The ocean area covers 71% of the Earth's total area, providing abundant marine resources that offer various opportunities for development and scientific research [1]. Effectively utilizing these resources can help prevent the overexploitation and destruction of terrestrial resources. Developing the marine economy and protecting the marine ecology are significant tasks for the future. In underwater engineering applications and research exploration, an efficient and accurate target detection and recognition algorithm is needed for underwater unmanned vehicles or mobile devices [2,3]. However, the complex underwater environment can affect the detection results. Factors such as lack of light due to weather conditions and changes in underwater brightness caused by water depth increase the difficulty of underwater target detection [4]. Some researchers have considered using artificial light sources to compensate for these challenges, but this approach may result in the presence of bright spots and worsen the scattering of underwater suspended objects under certain conditions, which can have a negative impact.
Considering the complexity of underwater environment, we need to develop a target detection algorithm suitable for underwater equipment, which requires high precision and low computation as its advantages [5-7]. Target detection algorithms are usually divided into two categories, one-stage target detection algorithm and two-stage target detection algorithm. The YOLO series target detection algorithm is a one-stage target detection algorithm known for achieving a good balance between detection accuracy and speed [8,10]. This paper focuses on improving and enhancing the performance of the YOLOV8n algorithm by making improvements in three aspects:
(1)
we replace some C2f modules in the backbone feature extraction network of YOLOv8n with deformable convolutional v2 modules, allowing for better adaptation to object deformations and enabling more targeted convolutional operations.
(2)
we introduce an attention mechanism (SimAm) to the network structure, which does not introduce external parameters but assigns a 3D attention weight to the feature map.
(3)
we address an issue with the traditional loss function, where inconsistencies between the direction of the prediction box and the real box can cause fluctuations in the position of the prediction box during training, leading to slower convergence and decreased prediction accuracy. To overcome this, we propose the use of the Wiouv3 loss function to further optimize the network structure.

3. Experiments

3.1. Underwater target detection dataset

In this experiment, we validate our method using a self-constructed underwater target detection dataset and the Pascal VOC dataset. Our underwater target detection dataset consists of two parts: one part is obtained from the Target Recognition Group of China Underwater Robot Professional Competition (URPC), and the other part is collected from the publicly available dataset on the whale community platform.
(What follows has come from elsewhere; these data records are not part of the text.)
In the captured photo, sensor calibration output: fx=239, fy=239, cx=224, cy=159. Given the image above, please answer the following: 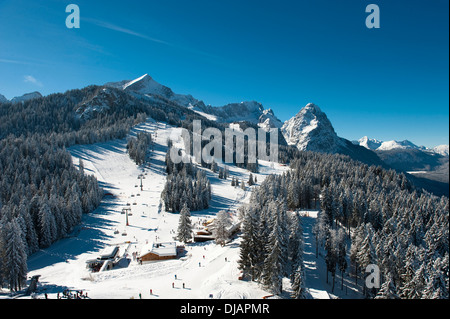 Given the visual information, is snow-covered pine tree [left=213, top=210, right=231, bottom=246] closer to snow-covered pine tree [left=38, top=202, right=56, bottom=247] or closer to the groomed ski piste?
the groomed ski piste

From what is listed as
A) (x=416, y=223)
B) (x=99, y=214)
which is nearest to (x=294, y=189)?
(x=416, y=223)

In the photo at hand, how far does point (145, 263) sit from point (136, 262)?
318 centimetres

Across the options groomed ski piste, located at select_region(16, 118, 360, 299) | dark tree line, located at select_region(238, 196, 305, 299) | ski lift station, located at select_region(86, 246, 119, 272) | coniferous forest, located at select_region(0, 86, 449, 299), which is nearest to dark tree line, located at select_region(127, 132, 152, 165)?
coniferous forest, located at select_region(0, 86, 449, 299)

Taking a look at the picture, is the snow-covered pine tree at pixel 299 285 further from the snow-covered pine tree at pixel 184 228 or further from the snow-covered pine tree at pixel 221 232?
the snow-covered pine tree at pixel 184 228

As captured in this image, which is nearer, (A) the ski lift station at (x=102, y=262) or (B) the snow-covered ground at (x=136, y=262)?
(B) the snow-covered ground at (x=136, y=262)

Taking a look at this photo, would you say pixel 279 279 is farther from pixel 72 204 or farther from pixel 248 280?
pixel 72 204

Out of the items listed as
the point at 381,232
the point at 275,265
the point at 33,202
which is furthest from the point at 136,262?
the point at 381,232

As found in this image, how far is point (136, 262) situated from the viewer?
45.6 meters

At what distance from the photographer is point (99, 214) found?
249 feet

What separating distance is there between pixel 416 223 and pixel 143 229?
78.1 m

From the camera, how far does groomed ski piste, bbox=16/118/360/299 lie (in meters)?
31.5

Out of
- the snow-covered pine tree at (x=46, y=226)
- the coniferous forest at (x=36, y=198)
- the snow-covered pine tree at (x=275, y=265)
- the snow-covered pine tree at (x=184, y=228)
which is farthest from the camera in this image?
the snow-covered pine tree at (x=184, y=228)

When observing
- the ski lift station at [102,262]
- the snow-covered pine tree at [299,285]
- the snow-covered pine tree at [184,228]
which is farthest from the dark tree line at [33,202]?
the snow-covered pine tree at [299,285]

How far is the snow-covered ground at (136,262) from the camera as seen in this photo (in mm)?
31734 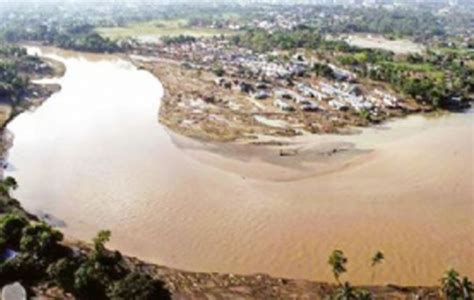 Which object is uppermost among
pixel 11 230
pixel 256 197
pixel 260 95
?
pixel 260 95

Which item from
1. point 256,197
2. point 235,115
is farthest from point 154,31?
point 256,197

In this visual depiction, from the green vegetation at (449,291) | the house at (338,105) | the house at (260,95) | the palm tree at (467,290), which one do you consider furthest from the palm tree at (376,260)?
the house at (260,95)

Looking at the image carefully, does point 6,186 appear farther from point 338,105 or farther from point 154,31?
point 154,31

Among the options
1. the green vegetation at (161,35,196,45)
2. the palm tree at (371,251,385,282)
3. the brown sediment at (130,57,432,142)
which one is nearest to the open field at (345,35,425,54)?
the green vegetation at (161,35,196,45)

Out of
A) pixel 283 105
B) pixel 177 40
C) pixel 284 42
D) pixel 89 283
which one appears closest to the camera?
pixel 89 283

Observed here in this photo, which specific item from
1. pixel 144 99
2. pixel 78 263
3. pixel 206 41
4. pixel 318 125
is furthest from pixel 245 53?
pixel 78 263

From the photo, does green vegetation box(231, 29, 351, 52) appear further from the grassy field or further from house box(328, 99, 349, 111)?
house box(328, 99, 349, 111)

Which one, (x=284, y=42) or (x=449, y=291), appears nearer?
(x=449, y=291)

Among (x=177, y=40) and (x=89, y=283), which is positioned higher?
(x=177, y=40) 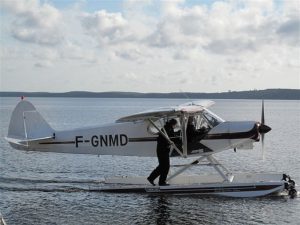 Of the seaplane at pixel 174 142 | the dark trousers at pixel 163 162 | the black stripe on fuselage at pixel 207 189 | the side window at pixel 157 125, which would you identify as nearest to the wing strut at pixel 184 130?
the seaplane at pixel 174 142

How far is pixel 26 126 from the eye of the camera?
15797 mm

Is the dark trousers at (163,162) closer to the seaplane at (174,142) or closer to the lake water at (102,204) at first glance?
the seaplane at (174,142)

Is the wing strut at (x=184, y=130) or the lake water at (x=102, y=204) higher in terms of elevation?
the wing strut at (x=184, y=130)

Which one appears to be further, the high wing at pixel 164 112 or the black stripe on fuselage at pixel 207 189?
the black stripe on fuselage at pixel 207 189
The dataset includes a total of seven categories, namely scallops, sea urchins, sea cucumbers, fish, turtles, jellyfish, sharks, and seagrass. Figure 4 shows a portion of the underwater target detection dataset, which consists of 1585 images. All images in the dataset are annotated using the Labelimg software and are in yolo format. The dataset is randomly divided into training set, test set, and validation set in a ratio of 7:2:1. Figure 5 provides an analysis of the dataset. Figure 5a shows the number of instances for each category, while Figure 5b presents the size and number of ground truth boxes in the target area. It can be observed that the dataset contains a relatively higher proportion of small targets. Where 5(c) and 5(d) analyze the center point and aspect ratio of the image label, respectively.

3.2. Experimental configuration and environment

The python programming language and pytorch deep learning framework were used in our experiment, and Ubuntu18.4 was used as the operating system. The hardware configuration is shown in Table 1 below. The hyperparameter during training are as follows: the input size of the image is 640*640, the total Epoch of training is 200 times, the batch-size is 16, SGD is used to optimize the model, the initial learning rate is set to 0.01, the momentum is set to 0.973, and the weight attenuation is set to 0.0005. The training process uses the Mosaic data enhancement strategy.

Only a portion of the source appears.